The British study is one of the first to cast doubt on what is commonly called off-pump surgery. During these procedures, a device stabilizes the small area on the surface of the heart where surgeons are stitching while the rest of the organ continues to function normally.

The report contradicts earlier findings that the new technique is as effective as the traditional method, in which the heart is stopped and a heart-lung machine keeps the patient alive during the operation.

Conducted at Royal Brompton and Harefield National Health Service Trust in London, the study of 104 patients found that 98% of those placed on heart-lung pumps still had blood flowing through their grafted arteries three months later, compared with only 88% of patients undergoing the off-pump surgery. In both surgeries, doctors attach blood vessels taken from other parts of the body to the heart to replace coronary arteries obstructed by disease.

"There is a huge pressure on cardiac surgeons to try this new technique, when the conventional method is extremely effective and has extremely good results," said Natasha E. Kahn, lead author of the study. The findings, she said, "will allow surgeons to continue using a technique they trust." She said the higher failure rate for the off-pump technique was unexpected, and that the explanation remains unclear.

By some estimates, nearly one-fourth of the 400,000 coronary-artery bypass procedures in the U.S. each year are performed off-pump. The off-pump method has become popular in the past five years because it tends to be easier on patients than the conventional technique, requiring fewer transfusions and shorter recovery times. Also, although less than 3% of patients die during traditional bypass surgery, risks of brain damage and kidney failure are associated with exposure to the heart-lung machine.

Timothy Gardner, a professor of heart surgery at the University of Pennsylvania, said the study suggests "a little bit of caution" is warranted toward the off-pump procedure. He said off-pump operations may be less successful because they are more technically difficult for surgeons than the standard approach. "The heart may be moving a little bit; there may be blood in the field," he said. As surgeons master the technique, he said, the frequency of occluded arteries may drop.

Dr. Kahn, who ran the trial and didn't perform any of the surgeries herself, said the two surgeons who conducted the operations each had about three years' experience with the off-pump technique. According to the article, the surgeons performed 13% of their bypass operations off-pump in the prior two years.
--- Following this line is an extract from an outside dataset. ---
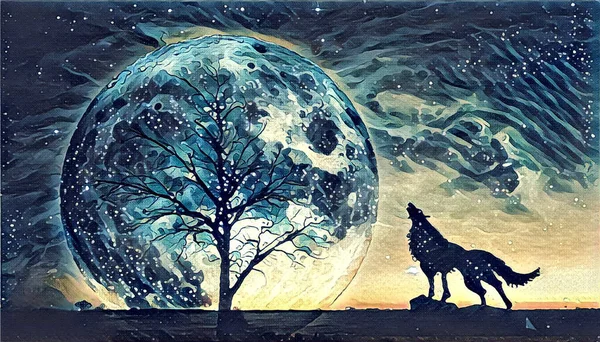 Fantasy Landskap Illustration Konstverk Howling Varg Och Bar Träd Silhuetter — Stockfoto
Dr. Kahn acknowledged that the procedure "may need a longer learning curve. That's one of the big issues."

Jodi Harpstead, general manager of cardiac surgery technology business for Medtronic Inc., Minneapolis, which makes the off-pump device used in the British study, attributed the higher failure rate to what she called the surgeons' relative lack of experience with that technique, and criticized the journal for publishing the study. "I know of beating-heart surgeons who have submitted to New England Journal with more experience and longer follow-up, whose papers were not accepted," she said.

Ms. Harpstead predicted the study won't hurt sales and that, in five years, half of all coronary-artery bypasses in the U.S. will be done off-pump. Revenue for Medtronic's cardiac business was $557 million in the fiscal year ended April 25, 2003.